Sore hingga malam waktu mereka gunakan untuk kwality time. Karena hari-hari sebelumnya hanya berkomunikasi melalui handphone. Waktu spesial itupun mereka gunakan untuk membahas pernikahan mereka yang tinggal sebulan lagi.
Hari berganti hari, satu bulan sudah Sifa menjalankan perusahaan tersebut tanpa ada gangguan dari Felix. Sifa mengangkat Perto sebagai asisten pribadinya. Siti yang sudah selesai skripsi hanya tinggal menunggu wisuda Sifa angkat menjadi sekretaris.

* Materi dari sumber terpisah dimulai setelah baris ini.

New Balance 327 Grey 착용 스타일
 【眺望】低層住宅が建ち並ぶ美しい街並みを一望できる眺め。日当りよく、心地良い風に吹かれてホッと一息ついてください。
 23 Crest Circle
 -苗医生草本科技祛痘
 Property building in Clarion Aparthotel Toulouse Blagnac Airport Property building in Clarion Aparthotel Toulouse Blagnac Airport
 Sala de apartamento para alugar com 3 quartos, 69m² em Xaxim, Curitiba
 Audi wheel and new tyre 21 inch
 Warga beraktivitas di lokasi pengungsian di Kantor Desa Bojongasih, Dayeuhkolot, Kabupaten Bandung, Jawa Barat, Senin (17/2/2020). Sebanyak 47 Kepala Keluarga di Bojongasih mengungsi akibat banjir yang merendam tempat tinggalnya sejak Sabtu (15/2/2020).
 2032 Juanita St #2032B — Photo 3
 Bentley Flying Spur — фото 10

"Perto, aku serahkan tanggungjawab Kamila Jaya Kosmetik selama aku pulang" titah Sifa di ruang kerja. Karena minggu depan acara pernikahan akan berlangsung Sifa akan pulang besok pagi, diantar Alvin.
"Kamu tega amat Sif, masa... Aku nggak bisa menyaksikan ijab kabul sahabat aku sendiri sih" Perto sebenarnya menyesal tidak bisa ikut pulang, tetapi ia juga harus melaksanakan perintah Sifa agar Kamila Jaya Kosmetik pun berjalan tanpa hambatan.
"Doakan saja" Sifa menjawab pendek. Sore itu mereka pulang dari kantor bertiga, Perto yang menyetir. Sifa mau tak mau harus menyicil mobil bukan untuk bergaya, tetapi untuk menunjang usahanya.
Tiba di rumah, Sifa segera mandi kemudian bercengkrama dengan teman-teman dilanjutkan makan malam. Sebelum tidur Sifa menyiapkan pakaian, menata ke dalam koper yang akan dia bawa pulang ke kampung besok.
"Alhamdulillah... akhirnya selesai" Sifa akhirnya tidur nyenyak hingga pagi.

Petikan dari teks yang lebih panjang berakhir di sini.